> Collected data:

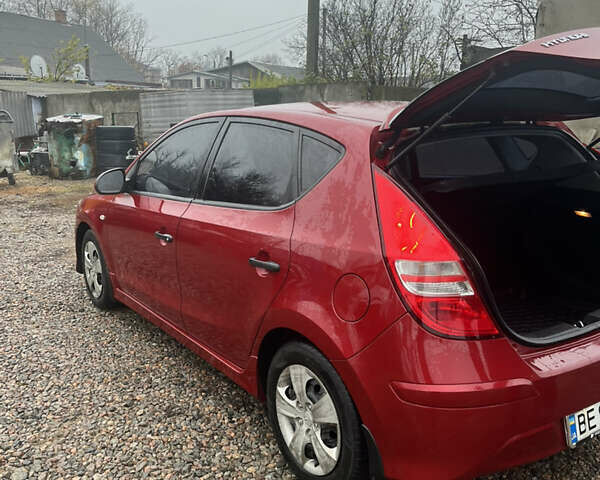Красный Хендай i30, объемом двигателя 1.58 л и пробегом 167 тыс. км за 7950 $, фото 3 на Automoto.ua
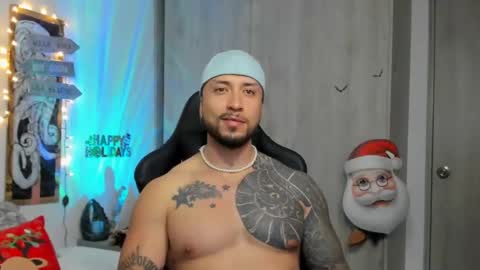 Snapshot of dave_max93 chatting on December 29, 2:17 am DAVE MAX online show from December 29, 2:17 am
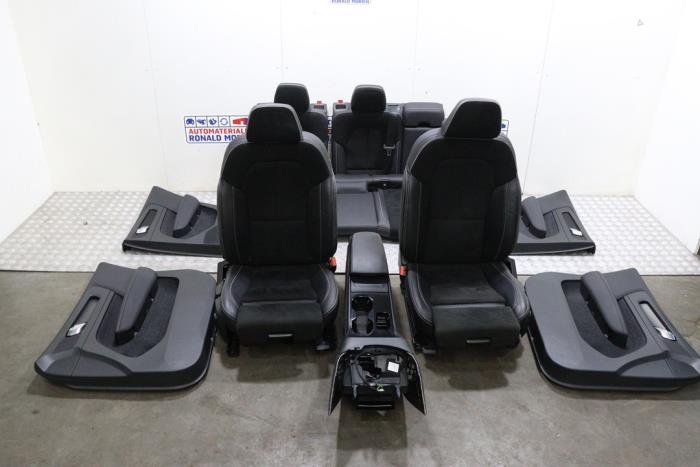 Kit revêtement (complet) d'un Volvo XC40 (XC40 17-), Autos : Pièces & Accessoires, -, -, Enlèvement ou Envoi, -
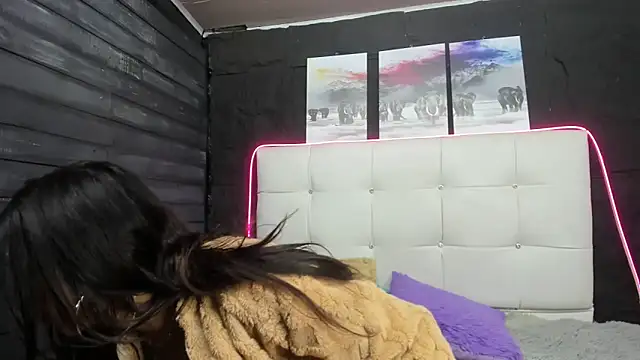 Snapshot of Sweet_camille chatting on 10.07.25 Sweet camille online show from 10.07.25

> What is needed: Copy exactly, please, the lines that run from the line holding "Snapshot of dave_max93" through the closing line of the material above, omitting every picture.

> Output below:
 Snapshot of dave_max93 chatting on December 29, 2:17 am DAVE MAX online show from December 29, 2:17 am
 Kit revêtement (complet) d'un Volvo XC40 (XC40 17-), Autos : Pièces & Accessoires, -, -, Enlèvement ou Envoi, -
 Snapshot of Sweet_camille chatting on 10.07.25 Sweet camille online show from 10.07.25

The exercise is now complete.